From infrastructure and property taxes to electronic billboards and hookah lounges, the public had a chance Monday night to ask both mayoral and city council candidates some tough questions regarding the needs of rapid city.
One of the hot topics was the question regarding the state of hookah lounges, businesses mayoral challenger Mark Kirkeby supports.
He blames the incumbent, Mayor Sam Kooiker, for attempting to close them down and take away jobs, and says small businesses are the backbone of a strong government.
"With the state of the economy, the offspring business that can happen in downtown Rapid City, whether you like it or not it's a legal business," said Kirkeby. "And I think it's unfortunate that someone's trying to put them out of work."
Kooiker did not directly respond to the remarks made by Kirkeby but says the hookah businesses are complying with recent regulations of not serving malt liqueur beverages.
In the conversation regarding infrastructure, Kooiker says the city will spend approximately $33 million toward street and utility repairs.

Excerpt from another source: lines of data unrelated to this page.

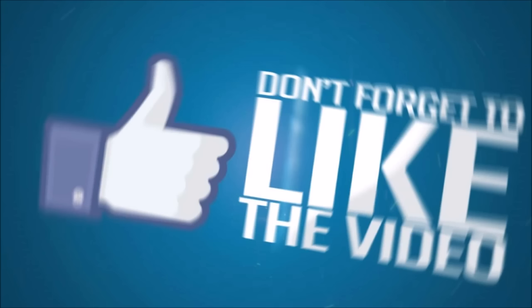Well that's it guys. If you liked this unique video please be sure to give it a big thumbs up and subscribe to my channel today. I make new videos all the time.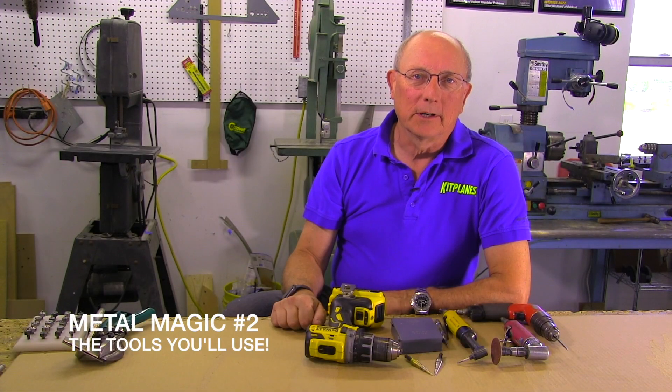Hi guys, welcome back to Metal Magic. Today we're going to talk about tools for building your metal airplane.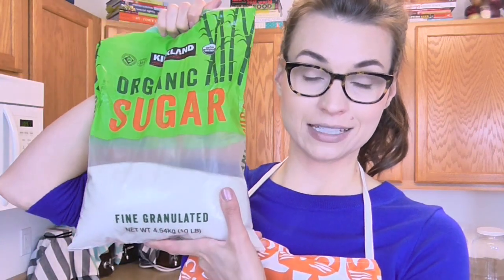Next you're going to need some sugar. I get mine from Costco — they sell great 10-pound bags of organic cane sugar. I would recommend cane sugar and would not recommend coconut sugar or date sugar. You also need water; I filter my water using a little pitcher with a water filter.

"There's a lot of chip seals that need to be done," said Kooiker. "There's a lot of overlay that needs to be done, and there's a lot of reconstruction that needs to be done."
Kirkeby is also very pleased with the implement of change in 2012 funds to be used toward infrastructure.
All four candidates present, incumbent Ward 5 Councilman Ron Sasso and his challenger Brad Estes were also present, agreed on the option regarding prayer before City Hall meetings, and that they think it is a constitutional right to do so.
Estes says nothing can be done about the issue now, and only time will tell if a lawsuit appears. He believes private individuals would put money up to defend it in the case of a lawsuit.